At least two wild specs separate the Emeya from the Eletre: A 55-inch augmented-reality head-up display. Lotus says the projection on the Electre is 29 inches. In addition to being "the largest and most advanced in any Lotus," it offers "a Snow Mode which turns the display blue, helping the driver to see the outline of the road more easily against a white background." Who needs an Apple Vision Pro, eh? 

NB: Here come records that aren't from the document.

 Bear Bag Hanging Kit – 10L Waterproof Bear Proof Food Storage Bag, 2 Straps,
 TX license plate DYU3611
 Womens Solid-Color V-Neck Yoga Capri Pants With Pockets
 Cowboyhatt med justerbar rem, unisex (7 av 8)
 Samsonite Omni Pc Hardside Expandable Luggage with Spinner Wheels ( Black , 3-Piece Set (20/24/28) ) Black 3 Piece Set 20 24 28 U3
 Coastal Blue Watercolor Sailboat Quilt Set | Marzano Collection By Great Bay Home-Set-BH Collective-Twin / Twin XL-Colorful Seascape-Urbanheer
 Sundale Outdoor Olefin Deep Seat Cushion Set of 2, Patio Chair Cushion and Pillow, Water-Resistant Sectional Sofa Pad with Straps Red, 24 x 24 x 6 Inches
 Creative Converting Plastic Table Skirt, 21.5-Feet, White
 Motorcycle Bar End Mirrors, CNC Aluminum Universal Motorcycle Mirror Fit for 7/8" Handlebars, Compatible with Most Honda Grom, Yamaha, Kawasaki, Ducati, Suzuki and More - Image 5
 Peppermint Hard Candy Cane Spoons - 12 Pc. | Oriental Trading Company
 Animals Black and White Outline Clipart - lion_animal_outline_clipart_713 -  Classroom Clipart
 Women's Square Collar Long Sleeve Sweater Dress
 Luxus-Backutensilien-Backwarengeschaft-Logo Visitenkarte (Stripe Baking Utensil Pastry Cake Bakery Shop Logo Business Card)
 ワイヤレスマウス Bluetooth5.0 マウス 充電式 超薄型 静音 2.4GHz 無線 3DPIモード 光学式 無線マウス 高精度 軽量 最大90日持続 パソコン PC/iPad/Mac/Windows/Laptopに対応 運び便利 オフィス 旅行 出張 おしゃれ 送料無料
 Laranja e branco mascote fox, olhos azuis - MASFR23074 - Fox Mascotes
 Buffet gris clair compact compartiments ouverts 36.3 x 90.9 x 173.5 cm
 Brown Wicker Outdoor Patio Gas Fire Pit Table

The sedan also fits an active rear spoiler that's four inches broader than the SUV's from front to back, at 11.7 inches compared to 7.7 inches. Adjusting the spoiler's angle on the SUV can produce up to 112.5 kilograms of downforce. The sedan's spoiler rings up a maximum of 215 kg of downforce at speed. The Emeya's top speed is an electronically capped 159 mph, six miles per hour below the SUV's, done to preserve battery health. 

Lotus recently concluded a series of winter tests that are part of the company's three-year development testing across 15 countries, working out the Emeya in temps as low as negative 13 Fahrenheit and locking the car in a freezer at -40 F to gauge how its systems performed. 

After going on sale in China, the Emeya heads to Europe and then to the U.S., so we shouldn't expect it until sometime next year, joined by the Evija hypercar. Car magazine said it saw a Lotus presentation that mentioned an MSRP of $100,000, almost identical to the base Porsche Taycan's U.S. MSRP.